Radio Presenter

Being the voice of a radio station or programme

The lowdown

  • Being the voice of a radio station or programme
  • Creating the tone and style of radio output and establishing a relationship with listeners

Is this role right for me?

To do this role, you will need to:

  • have excellent presentation and performance skills
  • be able to generate original ideas, and to think creatively about how to communicate them to audiences
  • understand how to use the voice effectively for radio
  • be able to learn how to use a variety of recording equipment and to operate different radio studios
  • be able to present while operating studio controls and co-ordinating a range of simultaneous technical activities
  • be able to communicate knowledgeably and engagingly with audiences
  • have excellent communication skills and be able to draw information from people
  • be able to work calmly effectively under pressure, react quickly, and meet tight deadlines
  • have knowledge of the law, ethics and industry regulations around radio production
  • understand when it is necessary, and how to acquire, the relevant clearances and licences, including copyright and music clearances
  • understand the requirements of the relevant health and safety legislation and procedures
  • have strong IT skills, including word processing and data handling - and, ideally, audio editing and image manipulation software
  • have knowledge of the radio market, different station and programme styles, and audience demographics

What does a Radio Presenter do?

Radio Presenters are the voice of a station or programme, whether they work in speech-based or music Radio. They create the tone and style of radio output and establish a relationship with listeners. They may work for the BBC, commercial or community radio, on local or national stations, or for independent production companies.

Most presenters are self-employed, working on fixed term contracts. Although the greatest concentration of jobs is found in London and the South East of England, Radio Presenters work throughout the UK. Working hours are varied and may involve early mornings, late nights and overnights, as well as working weekends or holidays. In some roles Presenters are expected to travel to work on location, both within the UK and abroad.

Presenters in music radio work for a range of stations and programmes, catering for all musical tastes. Presenters in speech radio work in all genres, from topical talk shows to documentaries, light entertainment and comedy.

A Radio Presenter’s specific duties vary depending on the programme or station. They may present live or recorded shows, scripted and unscripted. They may write scripts and links or work from a brief supplied by other members of a production team. They may conduct interviews with contributors in a studio or over the phone. They may handle debates or phone-ins, or host live events. They should be able to operate various radio studios, and to record audio both in studios and on location.

They must understand the disciplines of the production process, particularly with regard to timings.
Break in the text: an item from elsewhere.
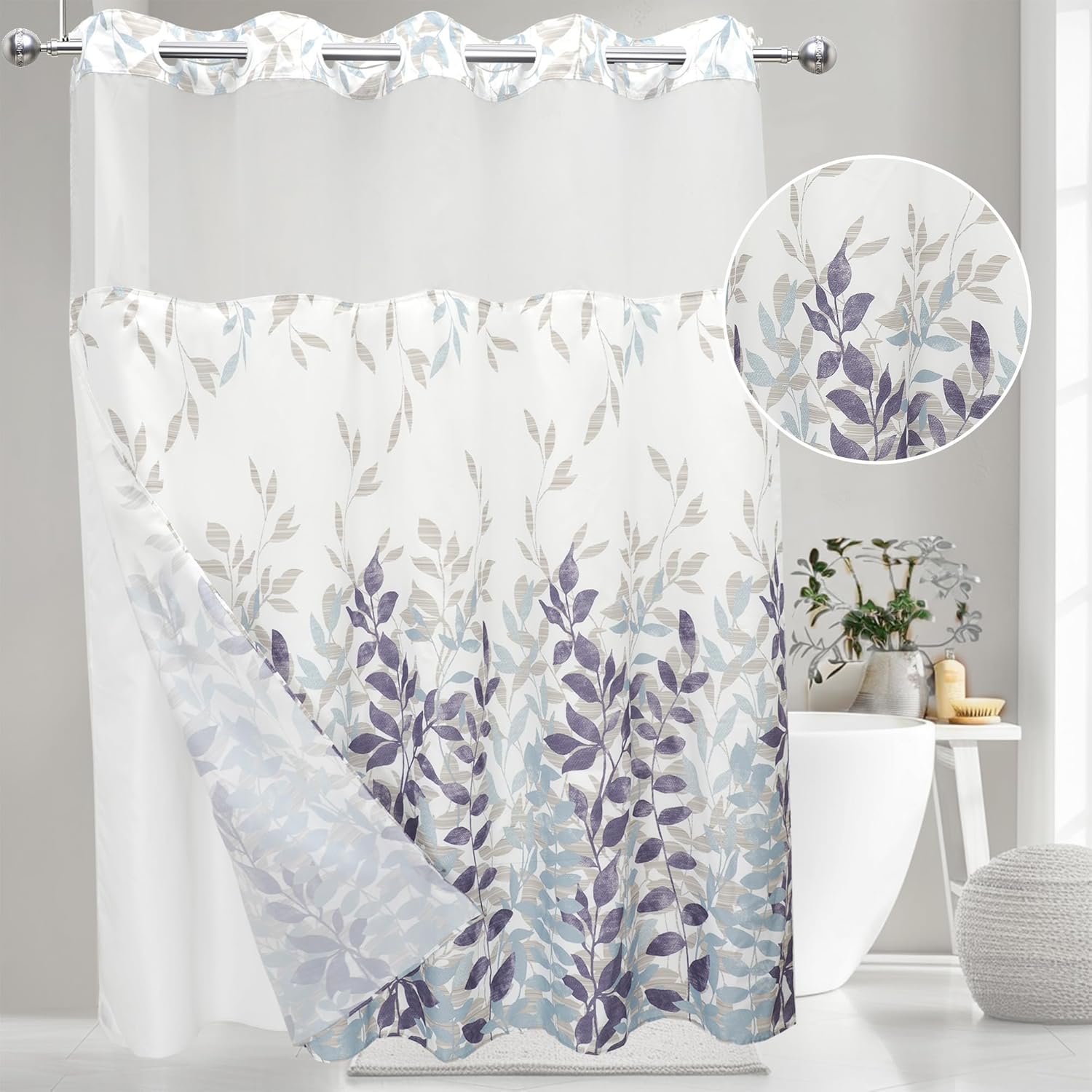 VIUOON Heavy-Duty Leaf Shower Curtain Set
They work closely with other members of a production team and may be expected to take direction from a Producer or Editor. They are expected to review their own output and to seek and accept feedback on their performance. They are also expected to monitor listener feedback, and contribute to responses to comments, or programme complaints.

Will I need a qualification?

You do not need to have a degree to be a Radio Presenter. Employers will want you to have hands-on experience and to have developed technical and presentation skills, along with a distinctive personal style.

If you do have a degree, employers won't necessarily expect it to be in a media-related subject. They may even prefer you to have a degree in another discipline, especially if followed by a postgraduate qualification in radio production.

If you are considering taking a radio course in higher education, the following courses have been rigorously assessed by the radio industry and awarded the Creative Skillset Tick for the high standard of education they provide and the degree to which they prepare you for a radio career:

What’s the best route in?

You could start out in an entry-level role and take every opportunity to develop your presenting skills until you’re able to secure a full-time presenting job.

Larger broadcasters sometimes run talent development schemes. Places are highly sought after as places are limited. To stand a chance of being selected, you will have to show that you have hands-on experience, rather than specific qualifications. To gain this hands-on experience, you could seek a place presenting community, student or hospital radio.

Occasionally, Radio Presenters are recruited for their specialist knowledge or celebrity profile, acquired from working on newspapers and magazines, or in the music business. Others make the move to radio from presentation roles in TV.

Where might the role take me?

Once in post, with enough experience and all the skills you gain, your career progression could involve moving to a larger station, to a programme with a wider audience, or from a local to a regional or national service. You might also move into TV or combine working in both media. Alternatively, you could choose to move into programme production or into a management role.